Market, medicine

 

Media activist collective Kafe-Morozhenoe and a working group
Radical Reveries, 2021

Self-adhesive film, latex print, matte lamination
140×732 сm
Courtesy of the artists

Working group: Dmitry Bezuglov, Ilya Budraitskis, Angelina Burliuk, Maria Dmitrieva, Elena Ishchenko, Nikolay Spesivtsev, Ilona Voytkovskaya, Dina Zhuk
Designer: Ulyana Bychenkova

The COVID-19 pandemic has shaken many established institutions, including contemporary art, and revealed their fragility. Cancelled and suspended projects, financial losses, and job cuts have triggered a new wave of discussions within the art community about contemporary art’s sore spots and reactivated local activist initiatives. One of the most remarkable of these initiatives, focused on labor policies, is Art Workers Italia (AWI), launched in response to the crisis in Italy. Although its actions tackled the local situation, AWI’s research and activist agenda is addressed to the international community.

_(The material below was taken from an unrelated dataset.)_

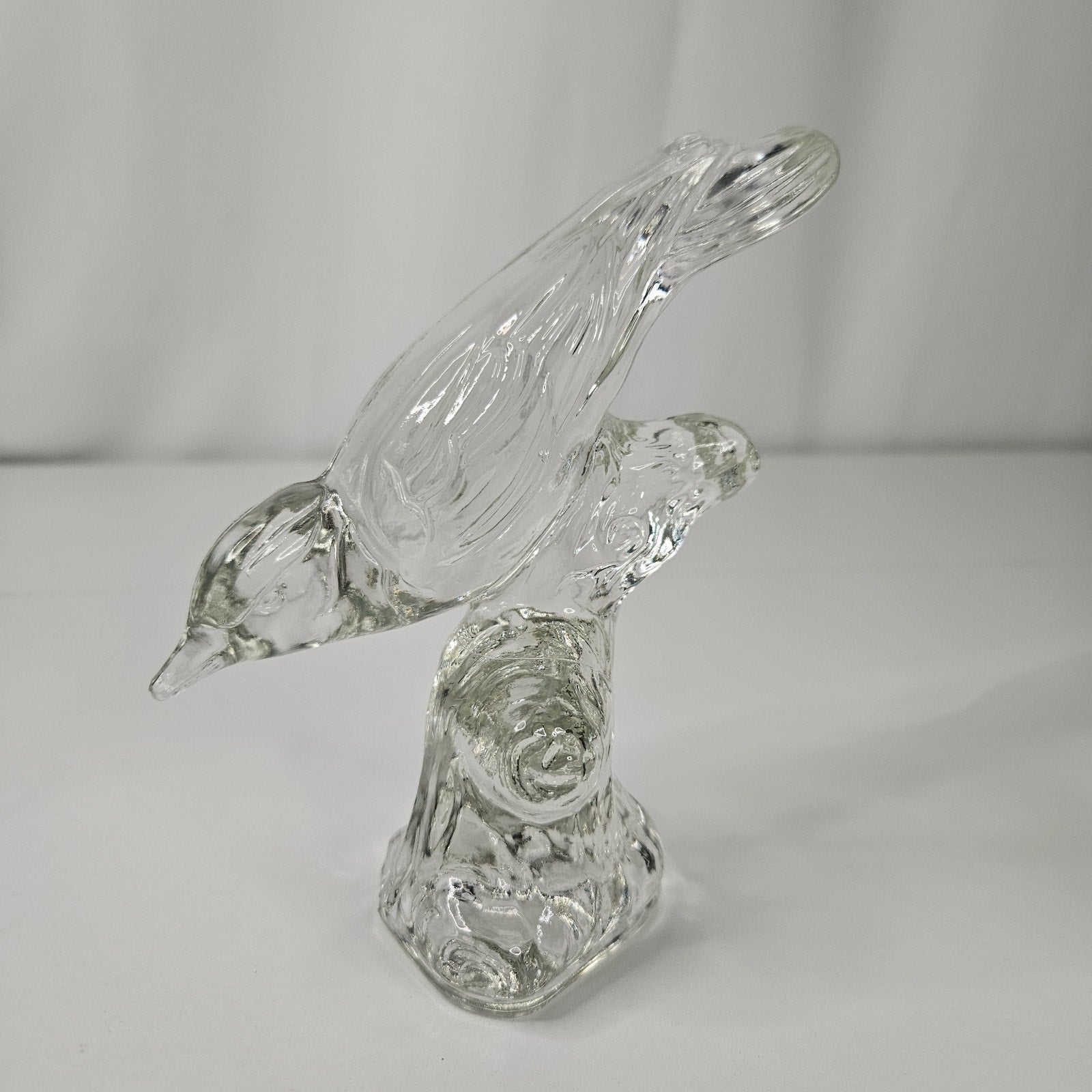 Vintage Haley Crystal Clear Glass Bird on Branch Figurine Paperweight Robin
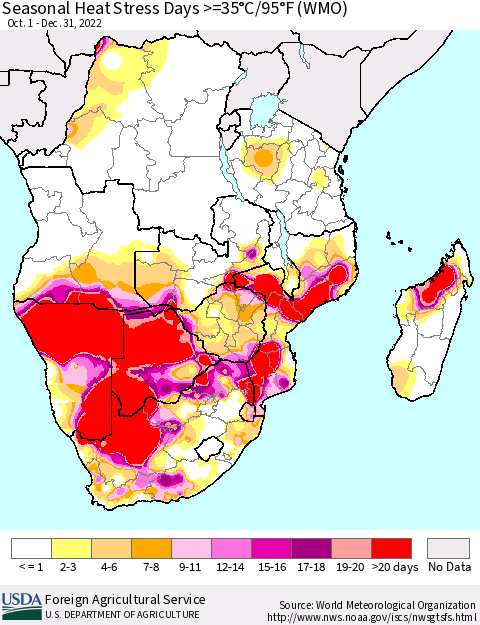 Southern Africa Seasonal Heat Stress Days >=35°C/95°F (WMO) Thematic Map For 10/1/2022 - 12/31/2022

The media activist group Kafe-Morozhenoe, which was formed in March 2020, studies similar issues in Russia. Acting as “willful subjects” (Sara Ahmed), group founders Nastya Dmitrievskaya and Daria Iuriichuk do not only look for system errors but, faithful to the motto “don’t look over it: don’t get over it,” try to bring them to public attention using a broad range of communication tools, including their own Telegram channel. Kafe-Morozhenoe does not operate alone. Nastya and Daria are involved in heated discussions with colleagues from other cities and countries (including AWI), engage likeminded artists in collective projects, and address existing practices. Radical Reveries is part of broader collective’s research focused on the system of resource distribution and the way it influences the functioning of contemporary art in Russia. In particular, Kare-Morozhenoe is interested in the interlinkages between the politics of redistribution and recognition, as described by philosopher Nancy Fraser. According to Fraser, any fair system has to satisfy two conditions: first, all participants must have sufficient resources to allow them to speak independently, and second, institutional models must ensure equal respect and social esteem for everyone. Having selected collective analytical and speculative mapping of the workspace of Russian contemporary art as their method for the project, Nastya and Daria organized a series of discussions (“laboratories”) with creative workers, aiming to draw a collective (and long-needed) map of problematic topics. Another goal of the project, as reflected in its title, was prognostic, or speculative: having outlined the issues, participants allowed themselves to “disturb the very fantasy that happiness can be found in certain places” (Sara Ahmed) and created a kaleidoscope of projective ideas, from political utopias to concrete practical suggestions. Artist Ulyana Bychenkova has depicted the prototypes of these reveries and discontents resulting from the discussions as rhizomatic diagrams that are presented as part of the exhibition and have been issued as a zine. The findings of the “laboratories” will also form the basis of public discussions that will take place during the exhibition.

Without doubt, Radical Reveries is a selective “field research” and, to a certain degree, an exercise in imagination for creative workers. At the same time, the maps created by Kafe-Morozhenoe and a working group are addressed to the viewer—a key participant in the system of contemporary art—who is invited to study the suggested routes and imagine alternative ones.